# Brian Head fire after



## bowgy (Oct 10, 2007)

Interesting video



__ https://www.facebook.com/video.php?v=10155691583799172


----------



## bowgy (Oct 10, 2007)

And a little on the wildlife after the fire
https://www.ksl.com/?sid=45190549&n...d-big-game-animals-safe-after-brian-head-fire


----------



## stillhunterman (Feb 15, 2009)

Thanks for posting the vids. Was a crazy big fire for sure. My buddy had a buck tag for the area, and though I tried to convince him not to, he turned the tag back in. Hopefully all the folks who live in that area and have homes and businesses can get back on track and replace some of what was lost.


----------



## bowgy (Oct 10, 2007)

stillhunterman said:


> Thanks for posting the vids. Was a crazy big fire for sure. My buddy had a buck tag for the area, and though I tried to convince him not to, he turned the tag back in. Hopefully all the folks who live in that area and have homes and businesses can get back on track and replace some of what was lost.


You need to show him the pic of that buck in the second link My grandniece and I have any weapon tags for that unit.


----------



## middlefork (Nov 2, 2008)

Bummer about the fire for sure.

From the video it didn't look like any of the cabins that burned had a defensible space around them. I noticed that earlier this year when I was up on the Monroe too that most were tucked right into the trees.

Unfortunately without defensible space around them I doubt the firefighters are going to spend much time trying to save them.

I understand the tucked into the forest feel but what you get as a result is a burned down cabin.


----------



## DallanC (Jan 13, 2009)

middlefork said:


> I understand the tucked into the forest feel but what you get as a result is a burned down cabin.

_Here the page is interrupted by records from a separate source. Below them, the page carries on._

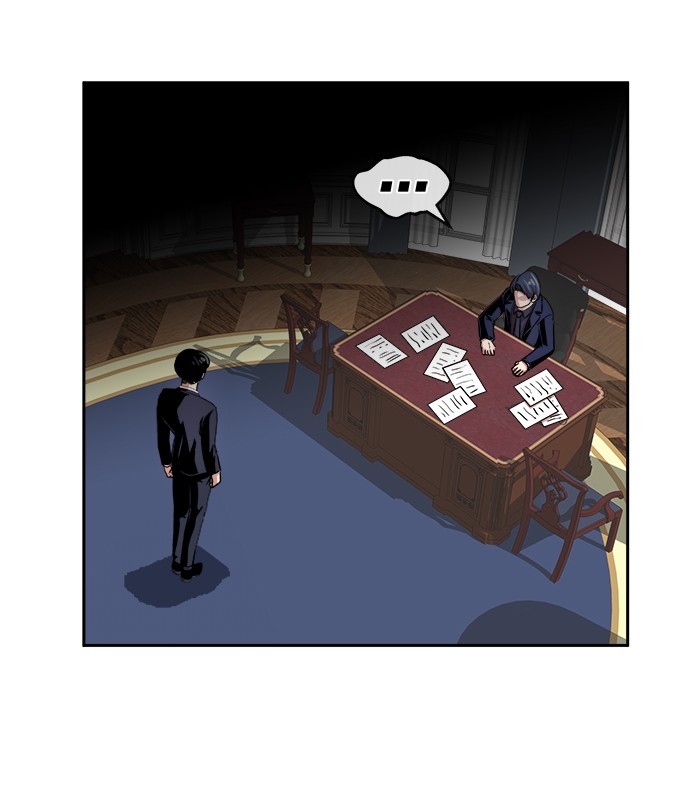 Change Season 2 Chapter 133 Gambar 46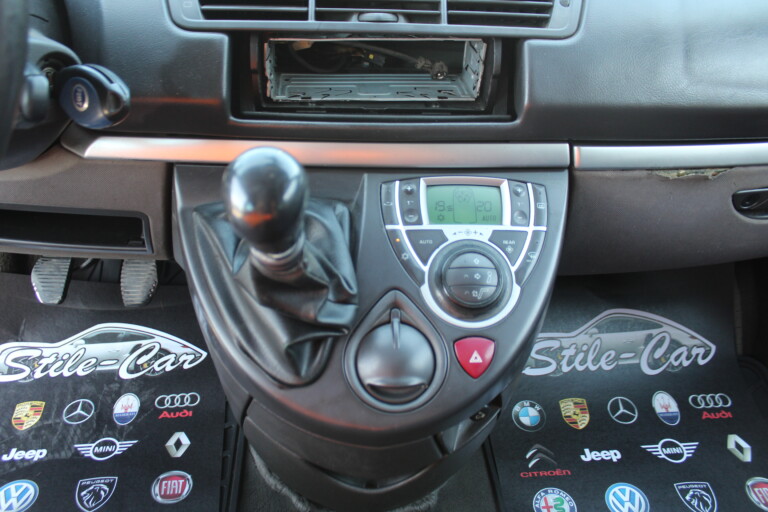 13 Stilecar It Fiat Ulysse Cs122gm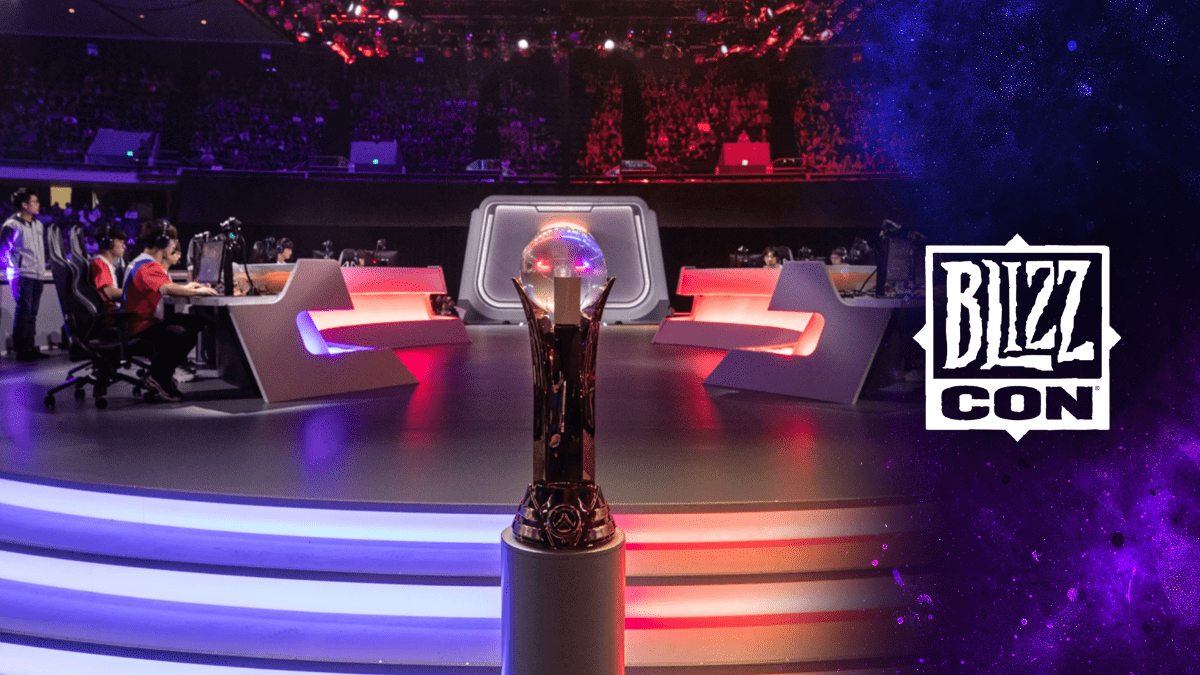 BlizzCon 2026 e-Sports: Classic Cup e torneios revelados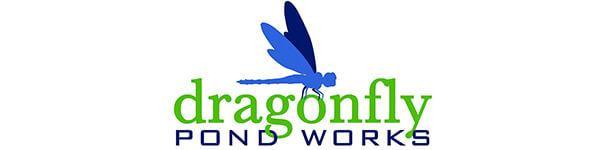 dragonfly pond works logo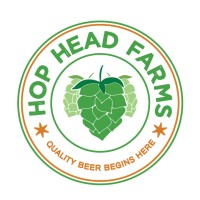 Hop Head Farms Logo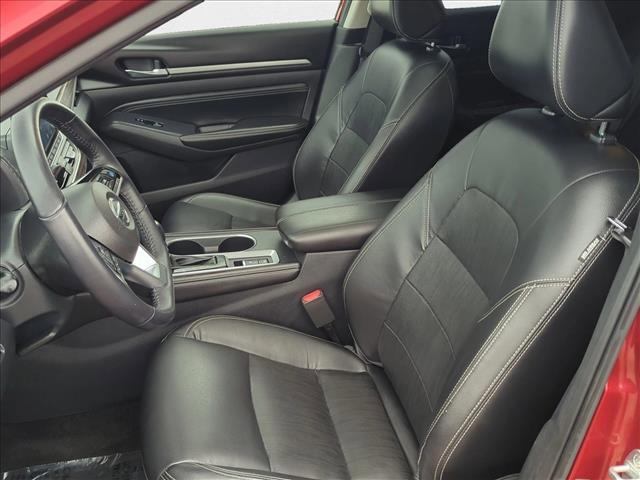 used 2019 Nissan Altima car, priced at $20,754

I've wondered about those new cement cast fake logs for cabins. They look quite nice and would be impervious to external fire.

https://www.everlogs.com/

-DallanC


----------



## backcountry (May 19, 2016)

I know the agencies have triaged private property response based on defensible space in the past, like the fires that encroached on New Harmony. They often flag the driveway in a color coded way so firefighters immediately know the danger level. The first tenet of wildland firefighting is to avoid unnecessary loss of life, especially firefighters. Defensible space protects firefighters as much as it does property.


----------



## backcountry (May 19, 2016)

DallanC said:


> middlefork said:
> 
> 
> > I understand the tucked into the forest feel but what you get as a result is a burned down cabin.
> ...


Hadn't seen those before. As long as the roof and exposed components aren't combustible then fire hazard is reduced. One other major structural issue are any open spaces to vent roof and attic. The drafts in those often suck in sparks that can burn a house from the inside out.


----------